#### Goal of the exercise:
Extract every entry word for word. Skip the pictures.
** Opening Task material block **
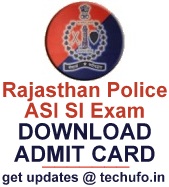 Rajasthan Police ASI SI Exam 2017 Admit Card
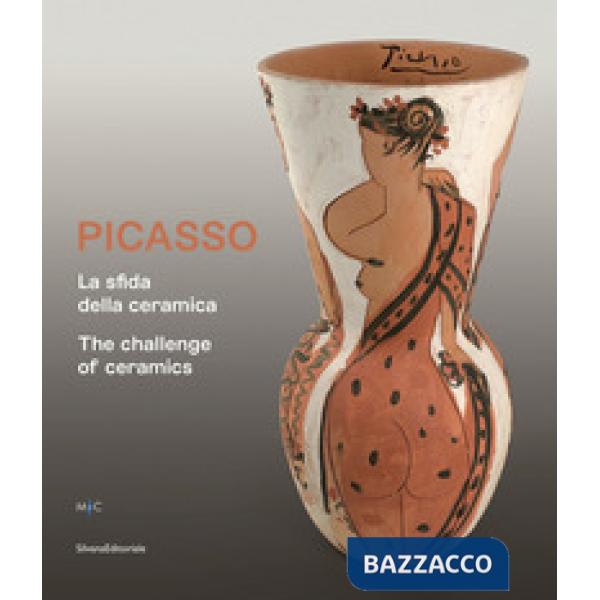 Picasso. La sfida della ceramica. Catalogo della mostra (Faenza, 1 novembre 2019-13 aprile 2020). Ediz. italiana e inglese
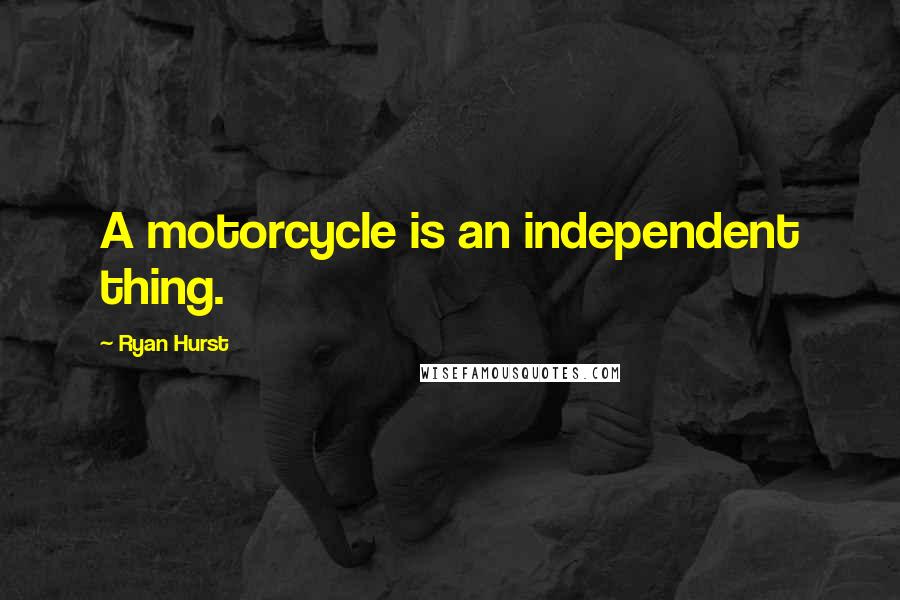 Ryan Hurst Quotes: A motorcycle is an independent thing.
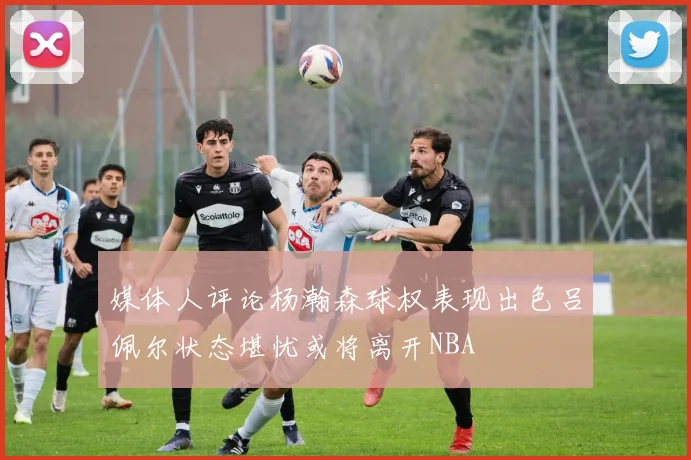 媒体人评论杨瀚森球权表现出色吕佩尔状态堪忧或将离开NBA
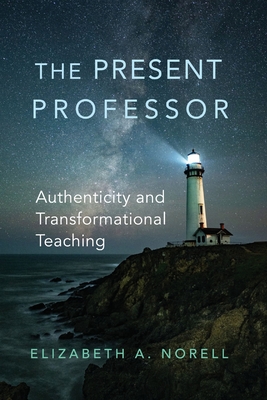 The Present Professor: Authenticity and Transformational Teaching - Norell, Elizabeth A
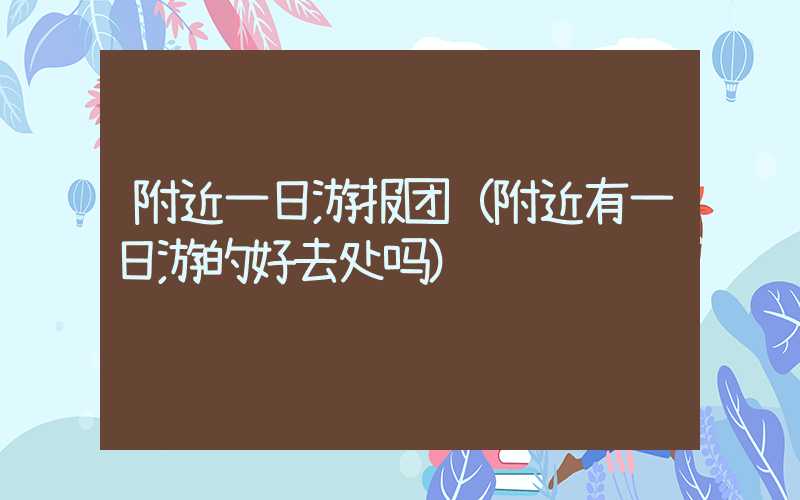 附近一日游报团(附近有一日游的好去处吗)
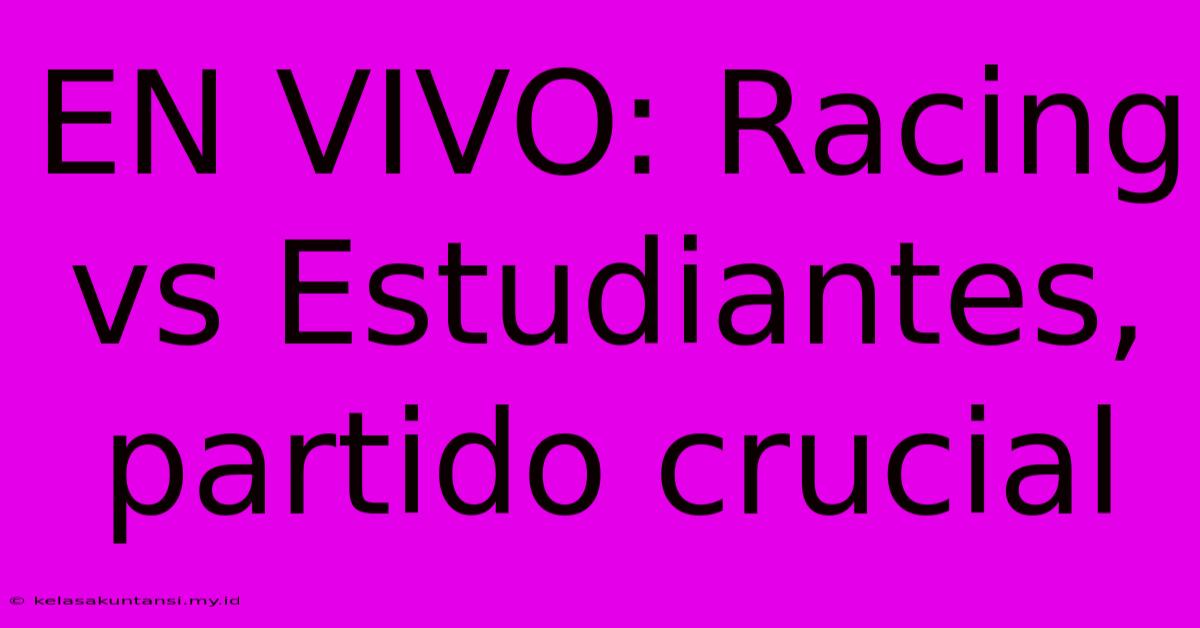 EN VIVO: Racing Vs Estudiantes, Partido Crucial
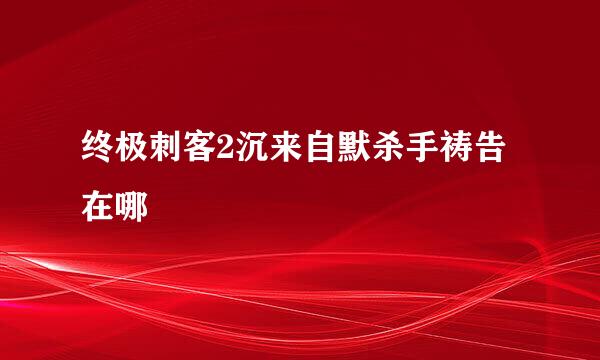 终极刺客2沉来自默杀手祷告在哪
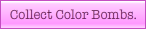 Collect Colour Bomb description
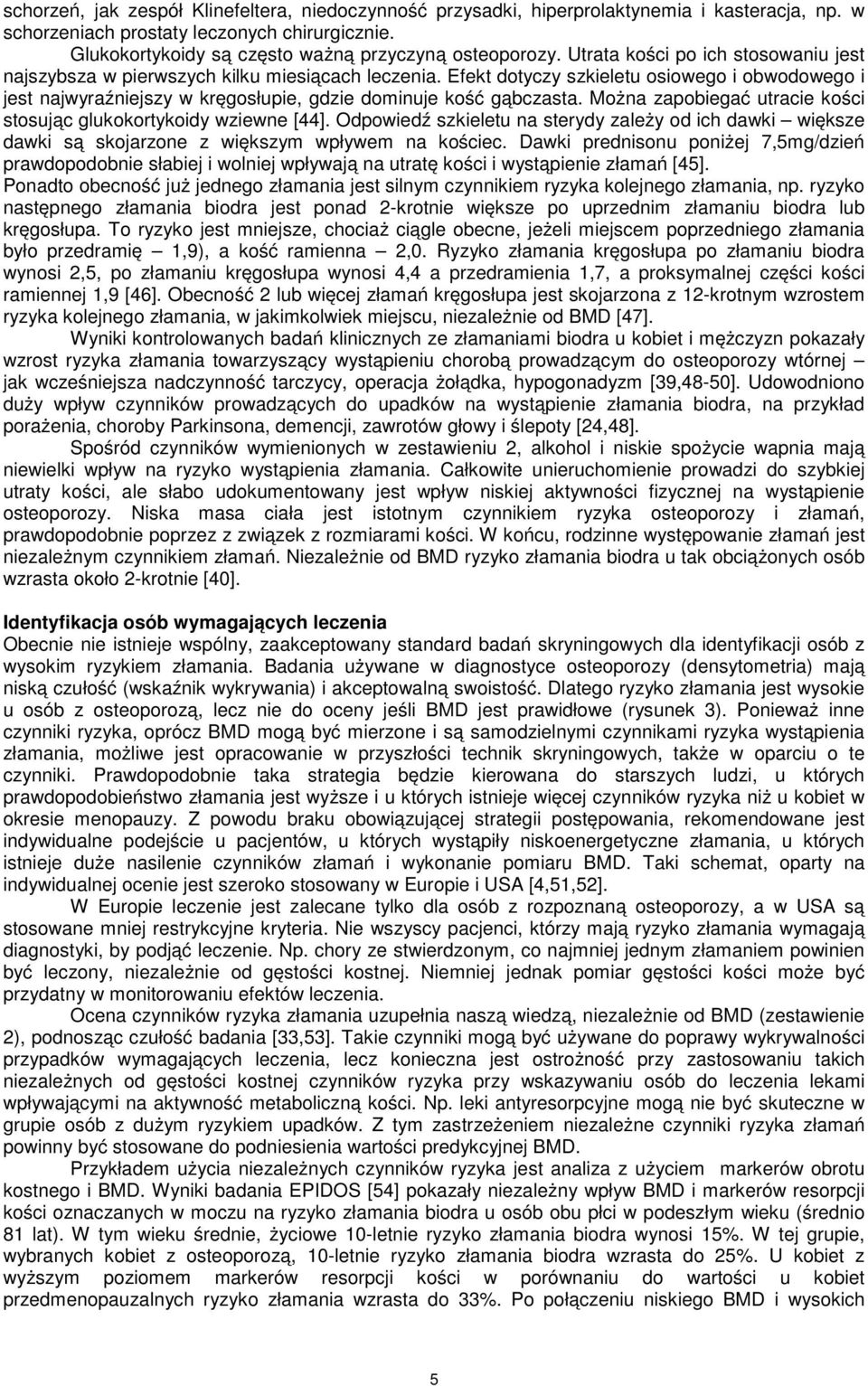 Efekt dotyczy szkieletu osiowego i obwodowego i jest najwyraźniejszy w kręgosłupie, gdzie dominuje kość gąbczasta. Można zapobiegać utracie kości stosując glukokortykoidy wziewne [44].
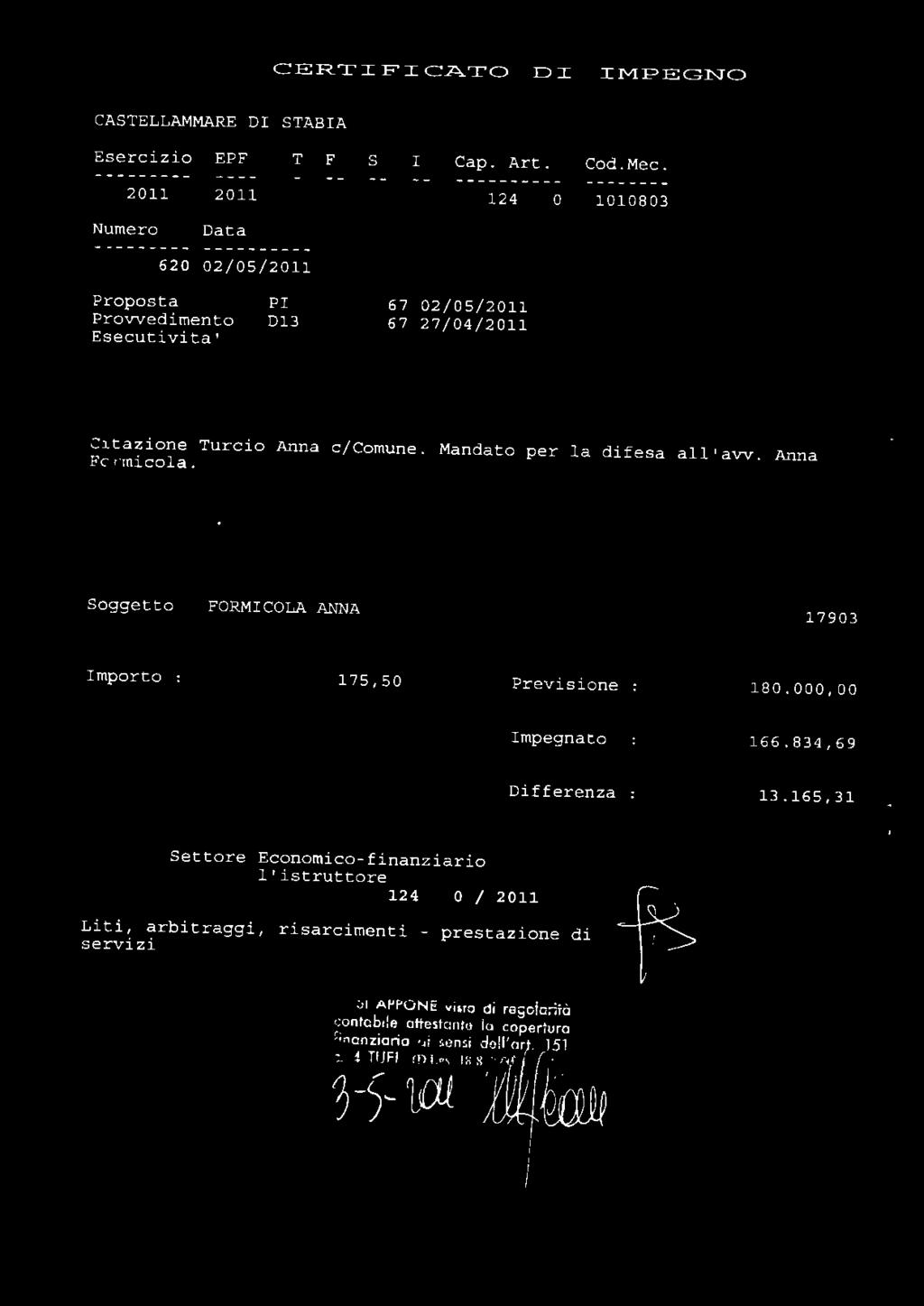 Mandato per l a difesa all'avv. Anna Fcrmicola. Soggetto FORMICOLA ANNA 17903 Importo 175,50 Previsione 180.000,00 Impegnato 166.834,69 Differenza 13.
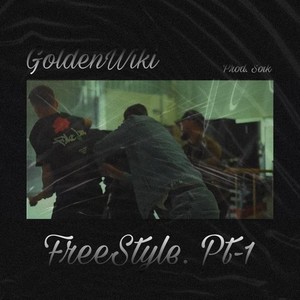 FreeStyle, Pt. 1 (Explicit)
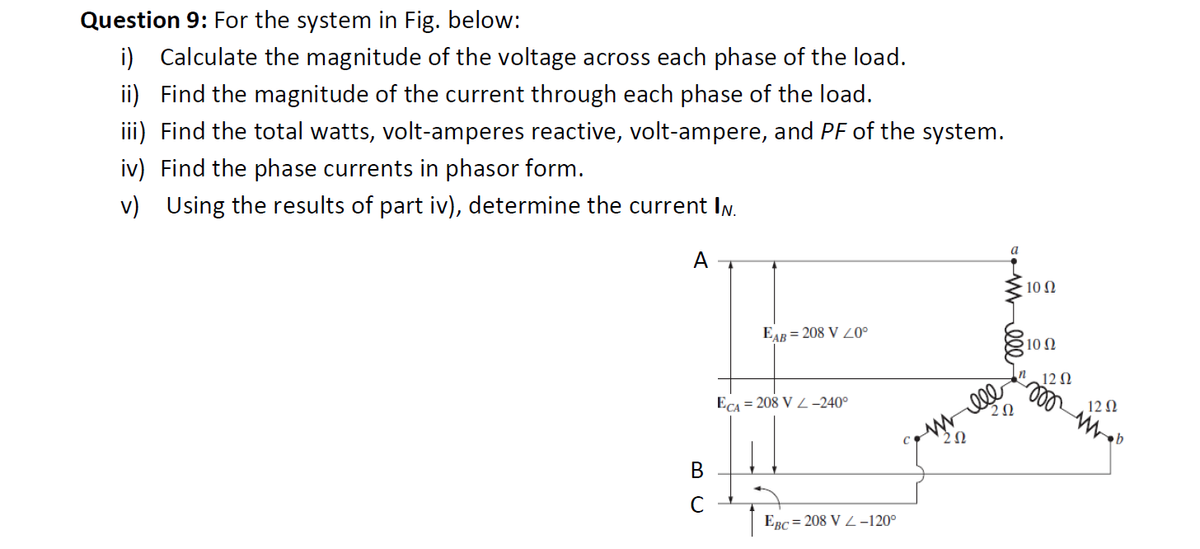 Question 9: For the system in Fig. below:
i) Calculate the magnitude of the voltage across each phase of the load.
ii) Find the magnitude of the current through each phase of the load.
iii) Find the total watts, volt-amperes reactive, volt-ampere, and PF of the system.
iv) Find the phase currents in phasor form.
v) Using the results of part iv), determine the current IN.
A
B
C
EAB= 208 V 20⁰
ECA = 208 VL-240°
EBC=208 V-120°
ele
20
a
2Ω
10 Ω
10 Ω
12 Ω
12 Ω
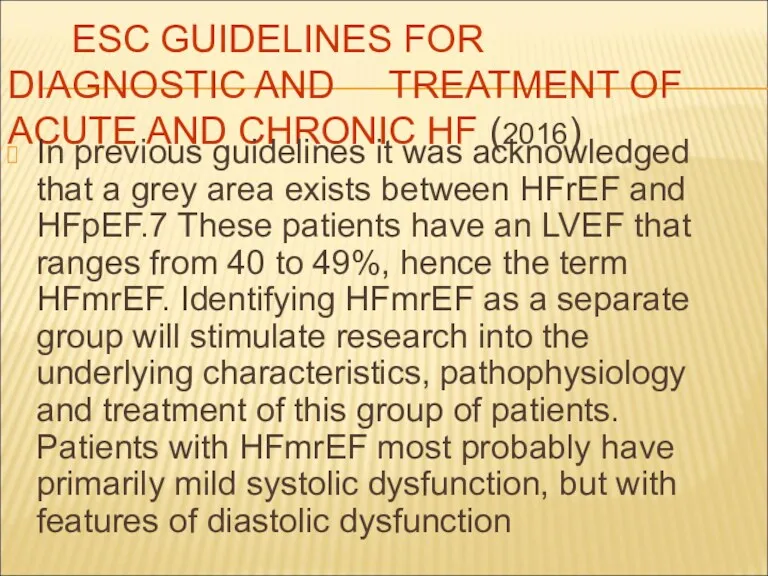 ESC GUIDELINES FOR DIAGNOSTIC AND TREATMENT OF ACUTE AND CHRONIC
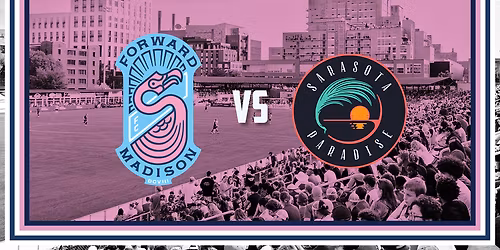 Sarasota Paradise at Forward Madison FC at Breese Stevens Field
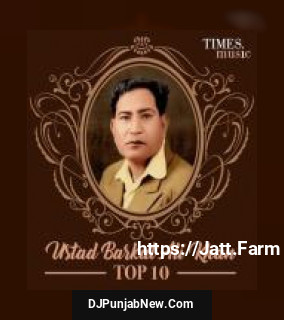 Ustad Barkat Ali Khan Top 10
** Closing Task material block **
#### Written answer:
 Rajasthan Police ASI SI Exam 2017 Admit Card
 Picasso. La sfida della ceramica. Catalogo della mostra (Faenza, 1 novembre 2019-13 aprile 2020). Ediz. italiana e inglese
 Ryan Hurst Quotes: A motorcycle is an independent thing.
 媒体人评论杨瀚森球权表现出色吕佩尔状态堪忧或将离开NBA
 The Present Professor: Authenticity and Transformational Teaching - Norell, Elizabeth A
 附近一日游报团(附近有一日游的好去处吗)
 EN VIVO: Racing Vs Estudiantes, Partido Crucial
 终极刺客2沉来自默杀手祷告在哪
 Collect Colour Bomb description
 Efekt dotyczy szkieletu osiowego i obwodowego i jest najwyraźniejszy w kręgosłupie, gdzie dominuje kość gąbczasta. Można zapobiegać utracie kości stosując glukokortykoidy wziewne [44].
 Mandato per l a difesa all'avv. Anna Fcrmicola. Soggetto FORMICOLA ANNA 17903 Importo 175,50 Previsione 180.000,00 Impegnato 166.834,69 Differenza 13.
 FreeStyle, Pt. 1 (Explicit)
 Question 9: For the system in Fig. below:
i) Calculate the magnitude of the voltage across each phase of the load.
ii) Find the magnitude of the current through each phase of the load.
iii) Find the total watts, volt-amperes reactive, volt-ampere, and PF of the system.
iv) Find the phase currents in phasor form.
v) Using the results of part iv), determine the current IN.
A
B
C
EAB= 208 V 20⁰
ECA = 208 VL-240°
EBC=208 V-120°
ele
20
a
2Ω
10 Ω
10 Ω
12 Ω
12 Ω
 ESC GUIDELINES FOR DIAGNOSTIC AND TREATMENT OF ACUTE AND CHRONIC
 Sarasota Paradise at Forward Madison FC at Breese Stevens Field
 Ustad Barkat Ali Khan Top 10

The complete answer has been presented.